There would be little likelihood of changing the rules to allow homosexuals
to serve openly in the military, marry, adopt children, or have their
jobs protected by a federal ENDA, if they could still be branded either
as mentally ill (officially "crazy", in some sense of the word) or as
presumptive criminals. There only remains the fact that homosexuality
is considered a "sin" by many conservative religious groups
(Christian and otherwise), and that it's considered by a substantial
number of people to be "deesgoosting" (as Ayn Rand said in '73) --
or at least the male variety is, primarily by heterosexual men.
Neither barrier is likely to hold up forever, as long as the the
separation between church and state continues to hold any judicial
weight, and as long as tests of rationality need to be applied to
questions of benefit and harm to society.

jimf said...

> . . .the vast progress that gay rights have made in
> this country since [the early 70s]. . . homosexuality
> was declassified as a mental illness by the psychiatric
> profession in 1973. . .

Not, let me make clear, that I had a frigging clue that
debate was going on at the time. I've never been well-connected
with current events, or with the "gay community" (let alone
with the gay **activist** community). Even assuming I had
been an assiduous reader of, say, the New York Times back in
'73, I wonder how deeply that professional debate (over
homosexuality in the DSM) was buried in the back
pages, if it was mentioned at all in any mainstream
newspaper.

It's all the more ironic because I was, that very year,
taking psychology classes at college. 1973 was also, probably,
the most miserable year of my life, as I was dragged into
fully acknowledging my own homosexuality, as a result of
falling hopelessly in love with that straight fellow-student.

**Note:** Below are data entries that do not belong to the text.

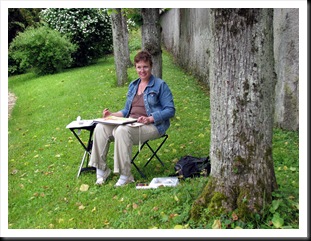 Linda painting La Maison Pinard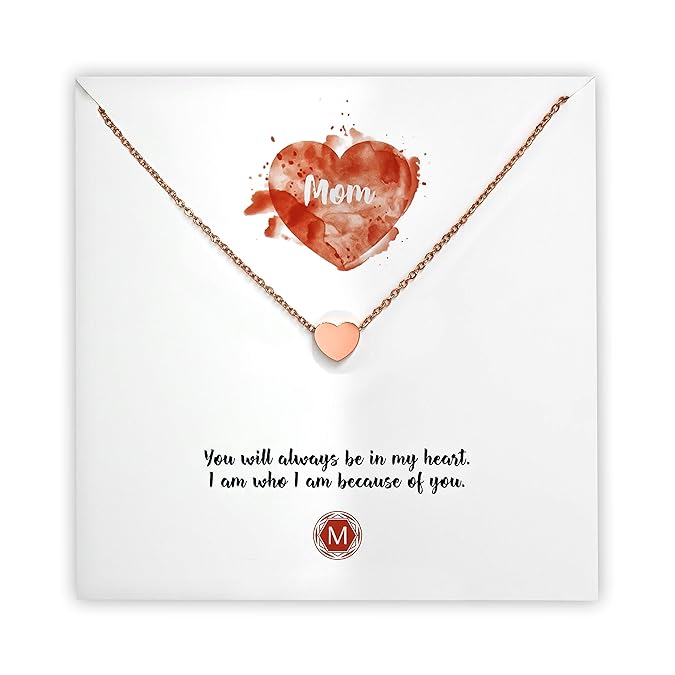 MURANDUM Geschenk für Mama | MOM Damenhalskette mit Herzanhänger | Edelstahlkette in Gold, Silber und Roségold (Kettenlänge 4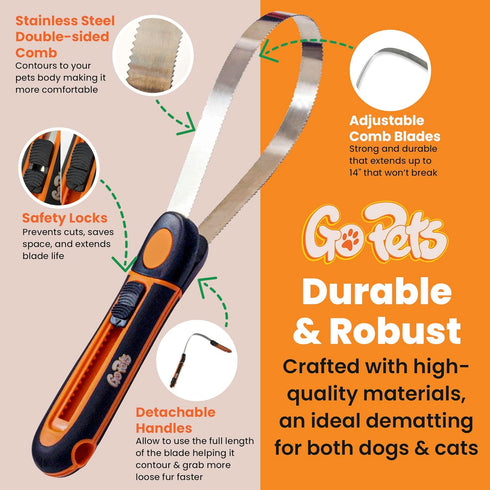 GoPets Deshedding Blade Rake, Adjustable Professional Dematting Grooming Tool for Cats & Dogs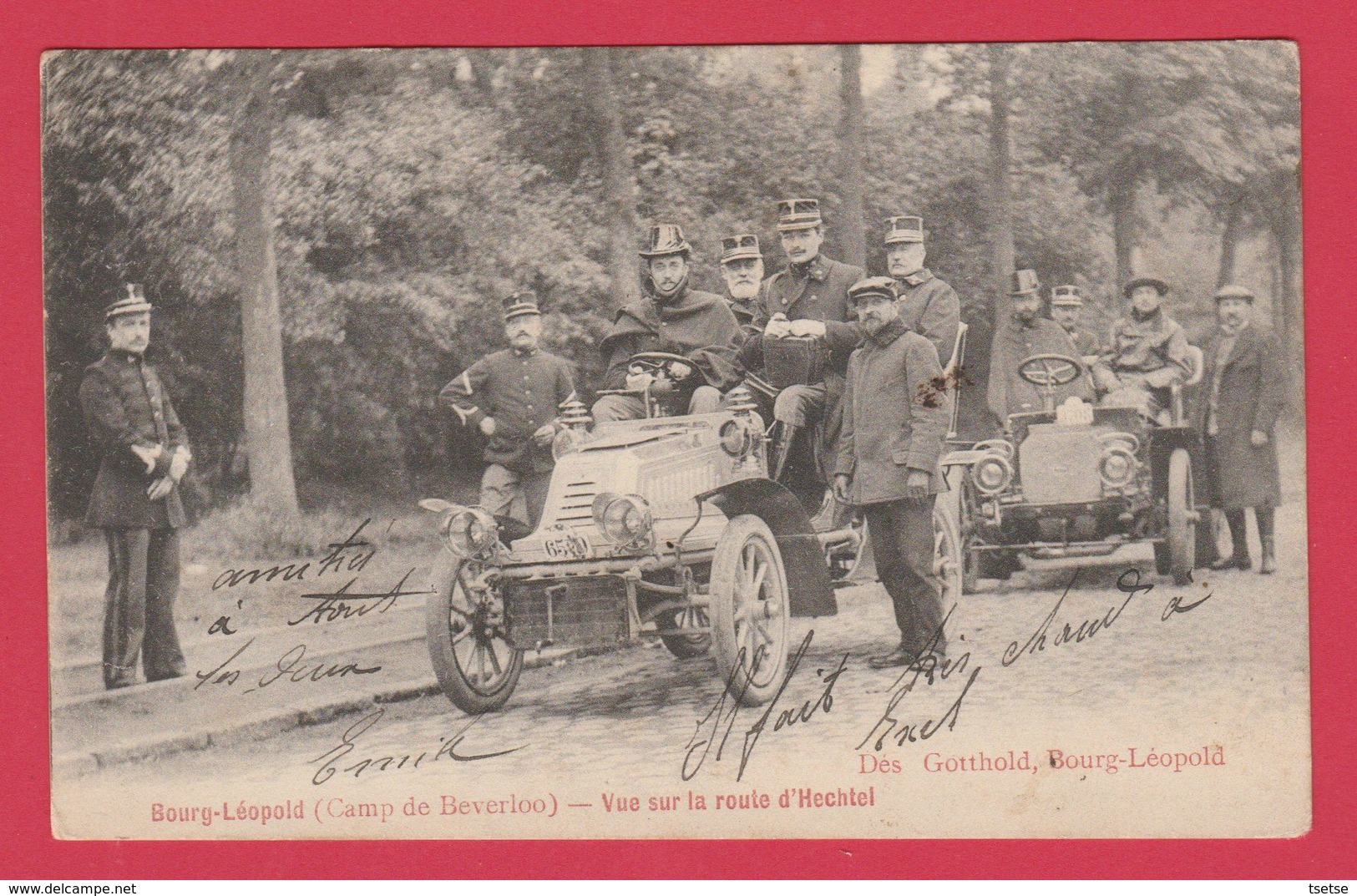 Leopoldsburg (kamp Van Beverloo ) -Top Kaart - Vue Sur La Route D'Hechtel ... Automobiles Peugeot - 1904  ( Voir Verso ) - Leopoldsburg (Camp De Beverloo)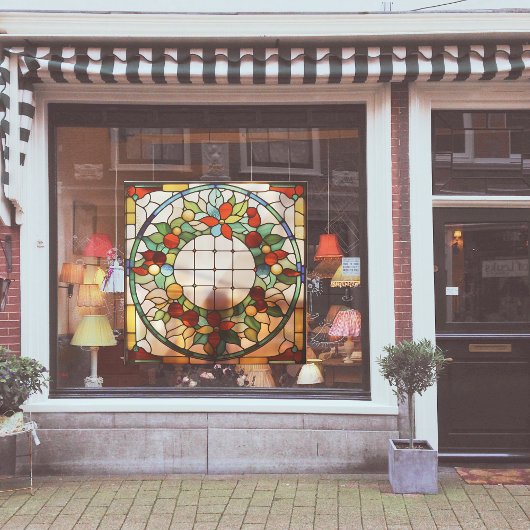 Nep Kerkraam Kerstkrans Groot Raamsticker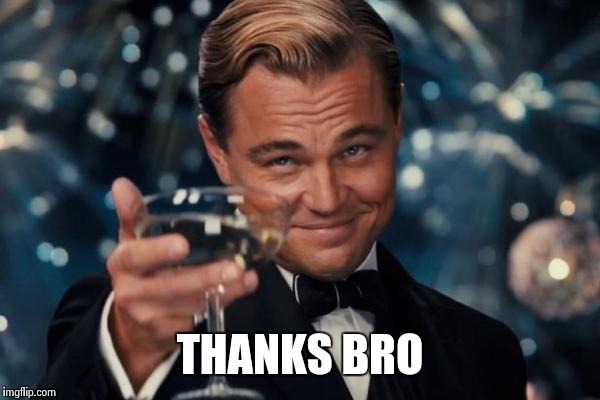 Leonardo Dicaprio Cheers Meme | THANKS BRO | image tagged in memes,leonardo dicaprio cheers | made w/ Imgflip meme maker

Who was, let me say, **not** amused by the "compliment".
The "friendship", such as it was, lingered for a year after
my admitting my feelings to him. We were in a
social psych class together in '73, the year the APA(s) (psychiatric
and psychological) de-pathologized homosexuality all
unbeknownst to either of us -- me certainly, him too
most probably. Perhaps as a result of subject matter discussed
in the social psych class, my "friend" shared with me, one day,
his own "theory" of the etiology of homosexuality. It was, he said,
most likely the result of the human population explosion (this
was the era of Paul Erlich's _The Population Bomb_ after
all) and, like rats in an overcrowded cage who are stressed
to the point of viciousness, humans in overcrowded urban
environments manifest the unhealthiness of their
living conditions by, among other things, turning to homosexuality.
Maybe he didn't intend this **quite** the way it sounded
at the time -- maybe he was suggesting that non-reproductive
sexuality was a species-level emergency response to the
threat of extinction by overpopulation, or something like
that.

So magisterially detached! So scientific. Well, I responded
in kind, nodding sagely, and replying "you could be right
about that".

jimf said...

> I wonder how deeply that professional debate (over
> homosexuality in the DSM) was buried in the back
> pages, if it was mentioned at all in any mainstream
> newspaper.

Where **would** I have heard about that? Probably in
C. A. Tripp's _The Homosexual Matrix_, whose first edition
was published in 1975 and which I read in '76 or '77.
http://www.amazon.com/Homosexual-Matrix-Second-C-Tripp/dp/0452008476

The author is now dead (2003), but it seems there is a "third edition",
entitled _The Sexual Matrix_, published under the author's name
in 2009, which is available in electronic form here:
https://www.smashwords.com/books/view/6475

What the hey, I just bought it for $6.95.